▶ _RECORD EXCERPTS_:
--------------------
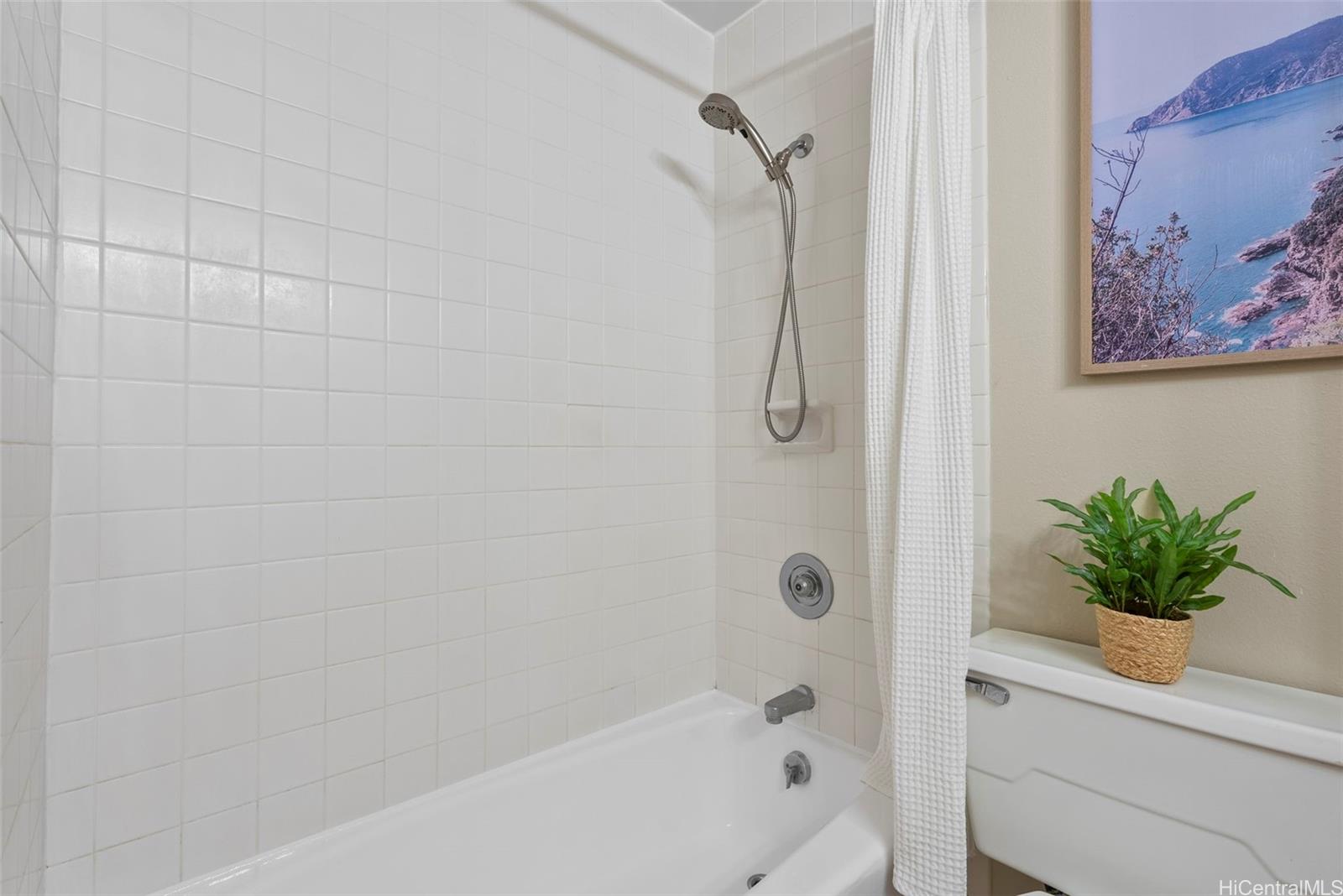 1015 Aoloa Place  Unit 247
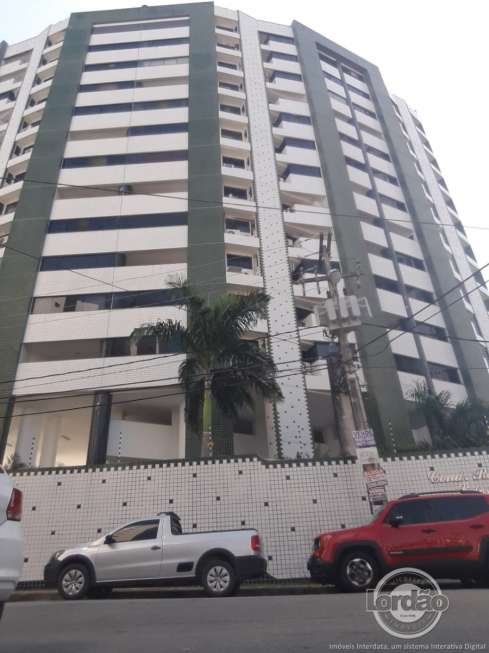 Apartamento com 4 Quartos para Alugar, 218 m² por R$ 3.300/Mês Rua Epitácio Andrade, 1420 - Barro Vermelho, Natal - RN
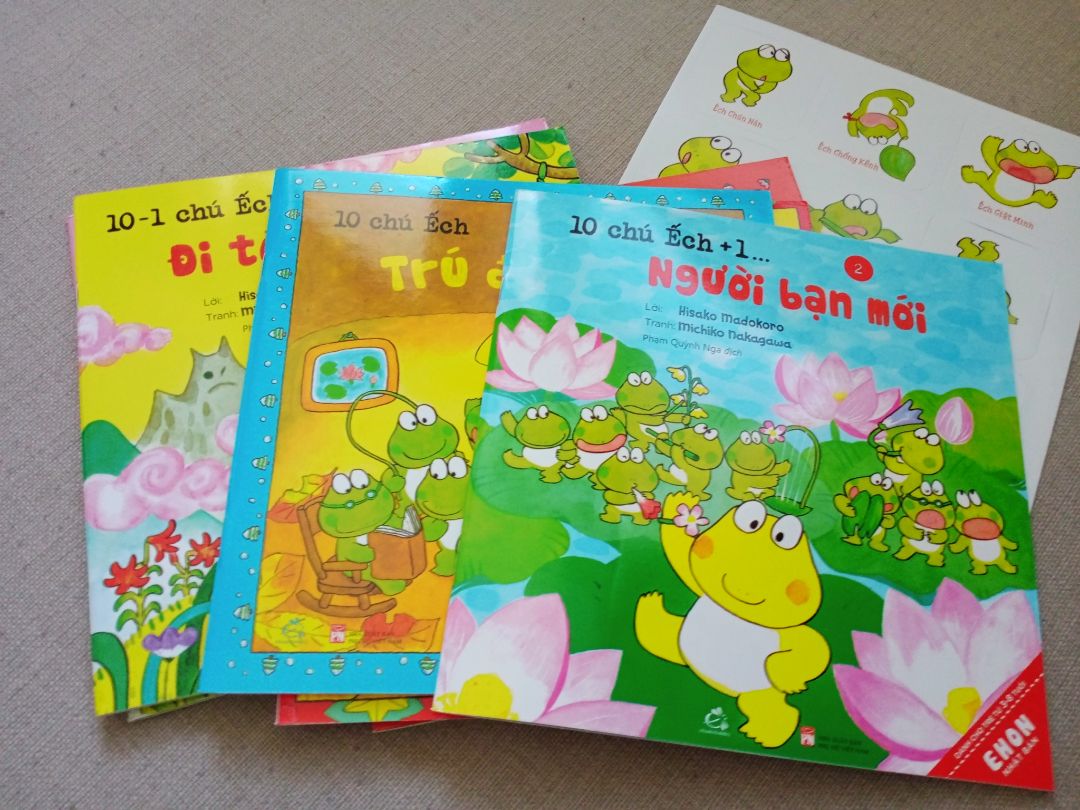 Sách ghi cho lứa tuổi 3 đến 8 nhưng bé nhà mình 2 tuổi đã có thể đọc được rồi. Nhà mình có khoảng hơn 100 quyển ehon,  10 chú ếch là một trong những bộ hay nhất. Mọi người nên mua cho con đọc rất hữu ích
--------------------
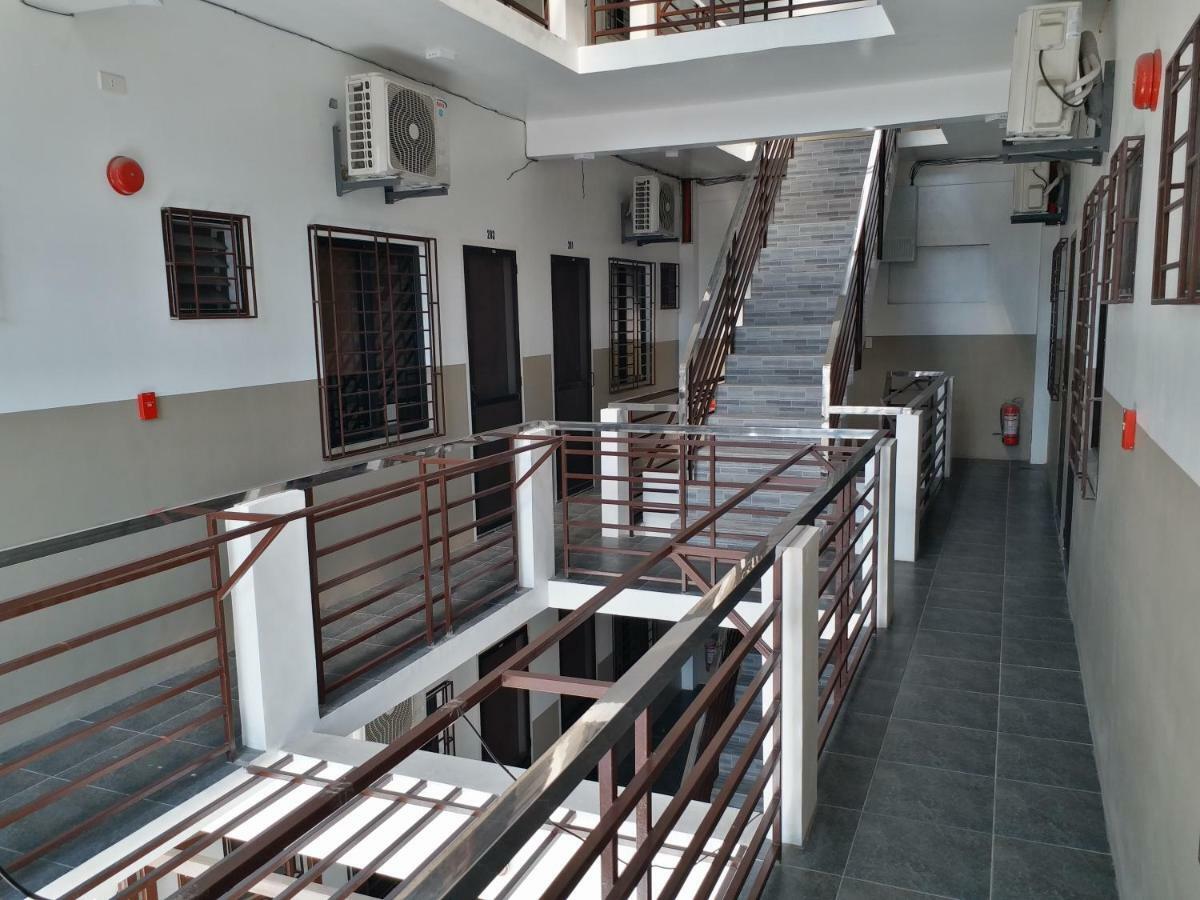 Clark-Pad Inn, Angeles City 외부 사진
--------------------
▶ _REQUIREMENT_: Look above for the line with "1015 Aoloa Place", then give again exactly every line from there through the line with "Sách ghi cho", skipping the pictures.

▶ _WRITTEN ANSWER_:
 1015 Aoloa Place  Unit 247
 Apartamento com 4 Quartos para Alugar, 218 m² por R$ 3.300/Mês Rua Epitácio Andrade, 1420 - Barro Vermelho, Natal - RN
 Sách ghi cho lứa tuổi 3 đến 8 nhưng bé nhà mình 2 tuổi đã có thể đọc được rồi. Nhà mình có khoảng hơn 100 quyển ehon,  10 chú ếch là một trong những bộ hay nhất. Mọi người nên mua cho con đọc rất hữu ích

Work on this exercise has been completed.